Creating defaultdict

from collections import defaultdict

# defaultdict with list factory
dd_list = defaultdict(list)
dd_list['fruits'].append('apple')
dd_list['fruits'].append('banana')
print(dd_list)  # defaultdict(<class 'list'>, {'fruits': ['apple', 'banana']})

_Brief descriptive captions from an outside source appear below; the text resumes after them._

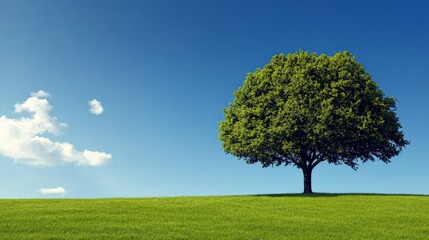 Obraz premium Solitary Tree on a Hilltop: A single, vibrant green tree stands tall on a lush green hill, reaching toward a bright blue sky dotted with fluffy white clouds.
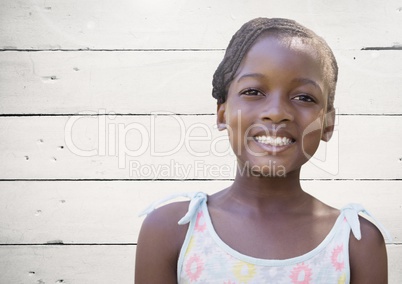 Girl with bright wooden background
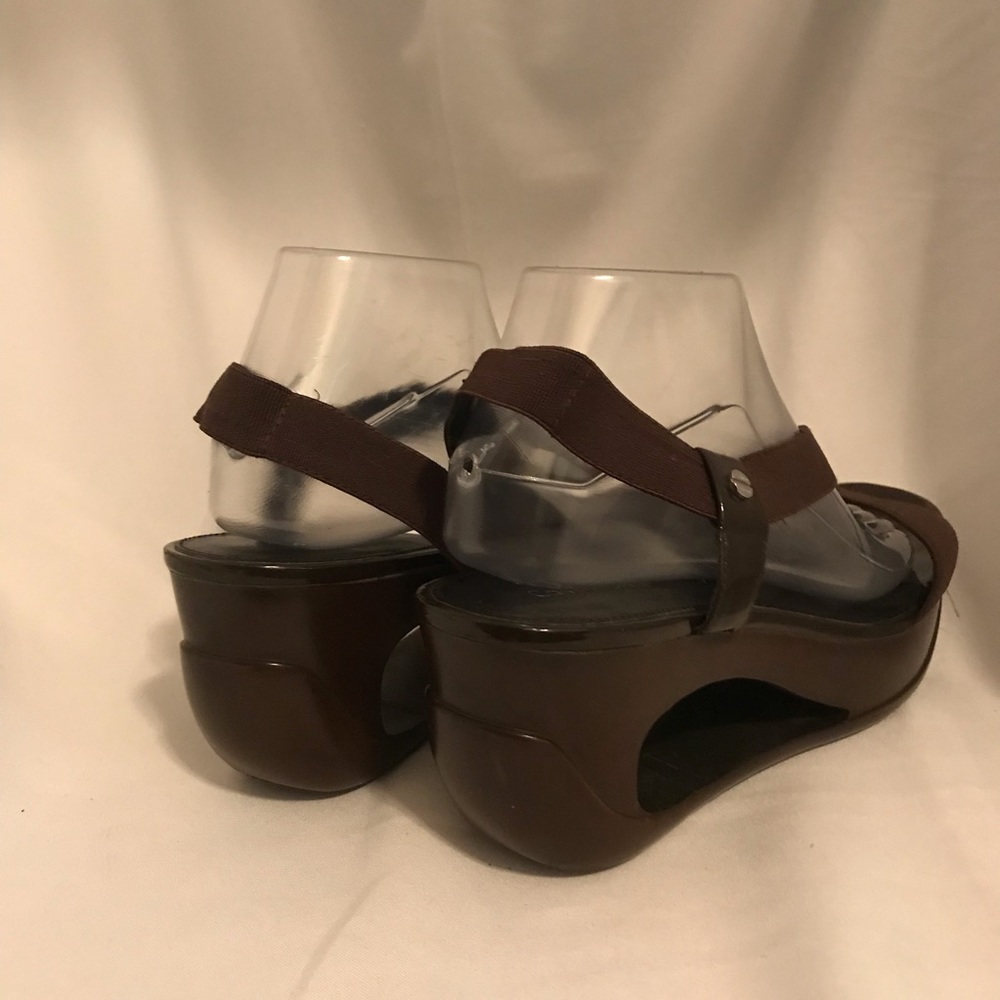 Calvin Klein Yumi Brown Leather Sandals - Size 10 - Picture 5 of 8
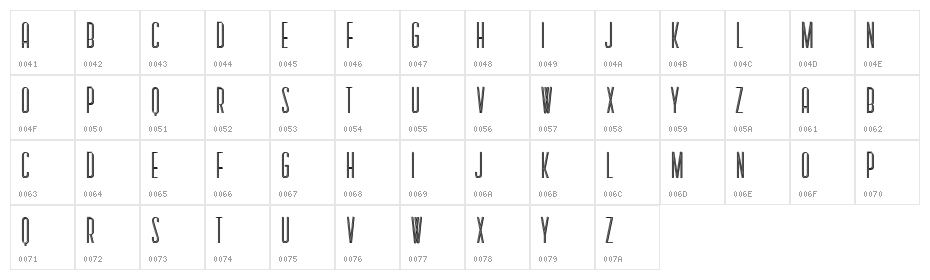 Porker Regular Character Map
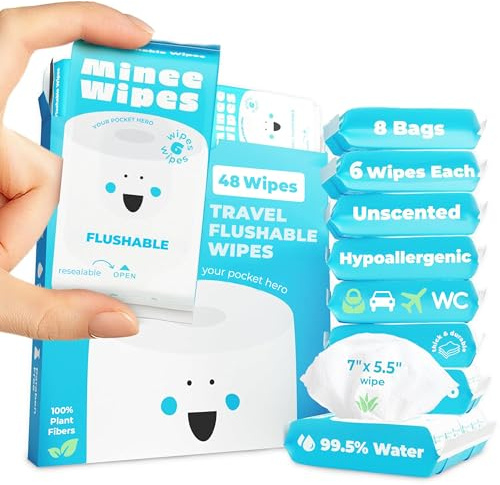 Impossibly Compact Travel Flushable Wipes - 99.5% Water and Aloe - Safe for Sensitive Skin & Hypoallergenic - Travel Essentials for Adults, Kids & Babycare, Unscented, 8 Pack 48 Wipes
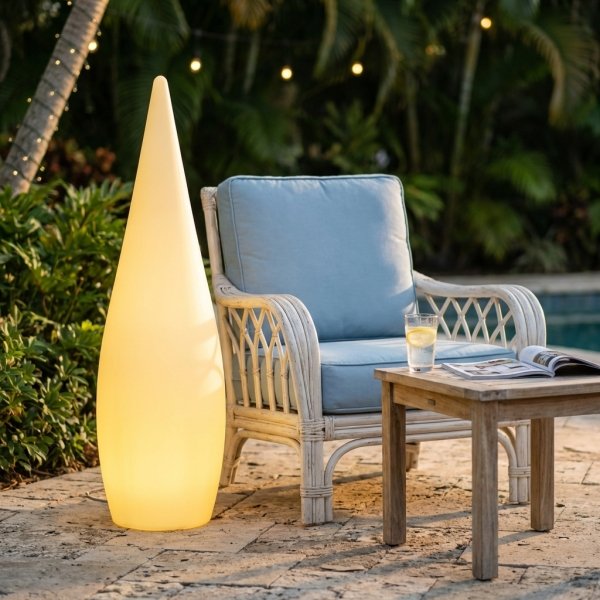 Lampada da terra a goccia con luce RGB e telecomando per esterni Ø 42 x 152 cm - ELODOR
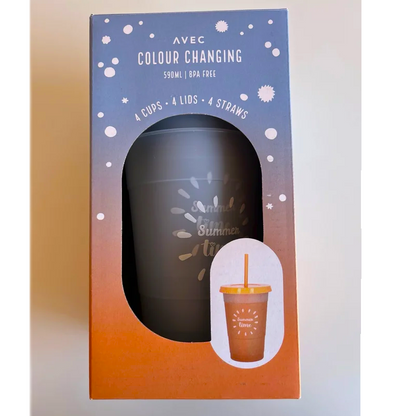 Boite de 4 Gobelets à couleur changeante, 590 ml 4 avec pailles Saumon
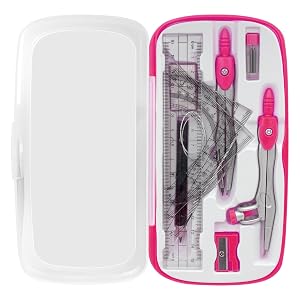 Geometry set in a clear case with pink accents. Includes rulers, protractors, compasses, and a pencil sharpener for precise mathematical drawing.
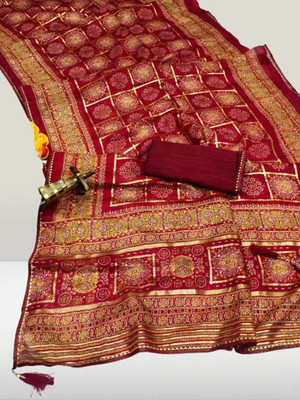 Kanooda Prints Woven Kota Doria Net Saree(Maroon)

# defaultdict with int factory
dd_int = defaultdict(int)
dd_int['count'] += 1
dd_int['count'] += 1
print(dd_int['count'])  # 2

defaultdict with Different Factories

from collections import defaultdict

# List factory
dd_list = defaultdict(list)
dd_list['items'].append(1)

# Int factory
dd_int = defaultdict(int)
dd_int['counter'] += 1

# Set factory
dd_set = defaultdict(set)
dd_set['tags'].add('python')

# String factory
dd_str = defaultdict(str)
dd_str['name'] += 'Hello'

# Custom factory function
def default_factory():
    return "default value"

dd_custom = defaultdict(default_factory)
print(dd_custom['key'])  # 'default value'

Practical Example: Grouping

from collections import defaultdict

# Group items by category
items = [
    ('fruit', 'apple'),
    ('fruit', 'banana'),
    ('vegetable', 'carrot'),
    ('fruit', 'cherry'),
    ('vegetable', 'potato')
]

grouped = defaultdict(list)
for category, item in items:
    grouped[category].append(item)

print(dict(grouped))
# {'fruit': ['apple', 'banana', 'cherry'], 'vegetable': ['carrot', 'potato']}

Practical Example: Counting

from collections import defaultdict

# Count items
items = ['apple', 'banana', 'apple', 'cherry', 'banana', 'apple']

count = defaultdict(int)
for item in items:
    count[item] += 1

print(dict(count))  # {'apple': 3, 'banana': 2, 'cherry': 1}

OrderedDict

OrderedDict is a dictionary subclass that remembers the order entries were added.

Creating OrderedDict

from collections import OrderedDict

# Create ordered dict
od = OrderedDict()
od['first'] = 1
od['second'] = 2
od['third'] = 3

print(od)  # OrderedDict([('first', 1), ('second', 2), ('third', 3)])

OrderedDict Operations

from collections import OrderedDict

od = OrderedDict([('a', 1), ('b', 2), ('c', 3)])

# Move to end
od.move_to_end('a')
print(od)  # OrderedDict([('b', 2), ('c', 3), ('a', 1)])

# Move to beginning
od.move_to_end('a', last=False)
print(od)  # OrderedDict([('a', 1), ('b', 2), ('c', 3)])

# Pop last
last = od.popitem()
print(last)  # ('c', 3)

# Pop first
first = od.popitem(last=False)
print(first)  # ('a', 1)

Note: Python 3.7+ Dicts are Ordered

In Python 3.7+, regular dictionaries remember insertion order, so OrderedDict is less necessary but still useful for:

  • Explicit ordering requirements
  • move_to_end() method
  • Equality based on order
  • Backward compatibility
# Python 3.7+: Regular dict maintains order
d = {'first': 1, 'second': 2, 'third': 3}
print(d)  # {'first': 1, 'second': 2, 'third': 3} (ordered)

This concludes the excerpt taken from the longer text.